Closed mverch67 closed 1 month ago
For tests I've added a target native-linux-pc, which runs well on my fedora linux PC. Should we add that target permanently?
[env:native-linux-pc]
extends = portduino_base
; The pkg-config commands below optionally add link flags.
; the || : is just a "or run the null command" to avoid returning an error code
build_unflags = -DPORTDUINO_LINUX_HARDWARE
build_flags = ${portduino_base.build_flags} -O0 -DARCH_PORTDUINO -I variants/portduino -I /usr/include
!pkg-config --libs libulfius --silence-errors || :
!pkg-config --libs openssl --silence-errors || :
board = cross_platform
lib_deps = ${portduino_base.lib_deps}
build_src_filter = ${portduino_base.build_src_filter}
For tests I've added a target native-linux-pc, which runs well on my fedora linux PC. Should we add that target permanently?

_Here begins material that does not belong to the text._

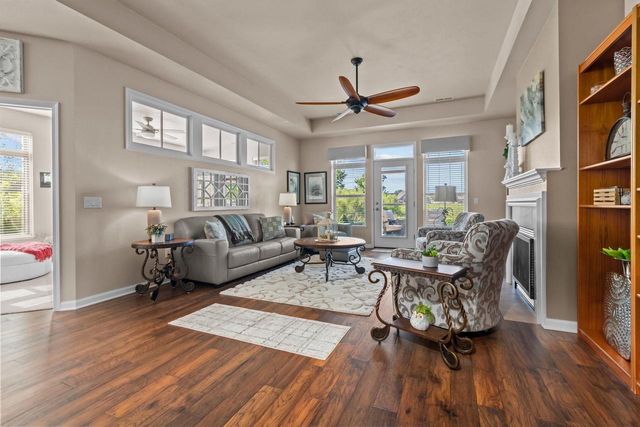 2379 E GLENHURST LANE, Appleton, WI 54913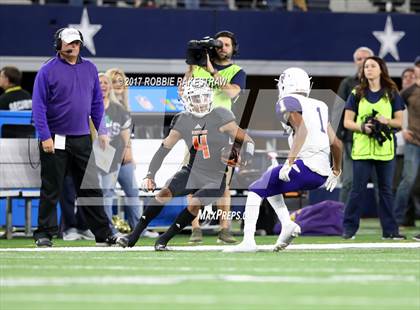 Thumbnail 1 in Mart vs. Refugio (UIL 2A Division 1 Final) photogallery.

I don't love it. At least not for working around an issue.
For tests I've added a target native-linux-pc, which runs well on my fedora linux PC. Should we add that target permanently?
I don't love it. At least not for working around an issue.
I think the issue was introduced in #3049 by defining PORTDUINO_LINUX_HARDWARE. Normally this could be detected during runtime. I remember there was some logic that uses SimSPIChip when the spidev cannot be opened.
It looks like the native target is running only on machines that have SPI and GPIO (e.g. raspberry), otherwise it will crash with a message that spidev0.0 cannot be opened. It's not simulating SpiChip anymore.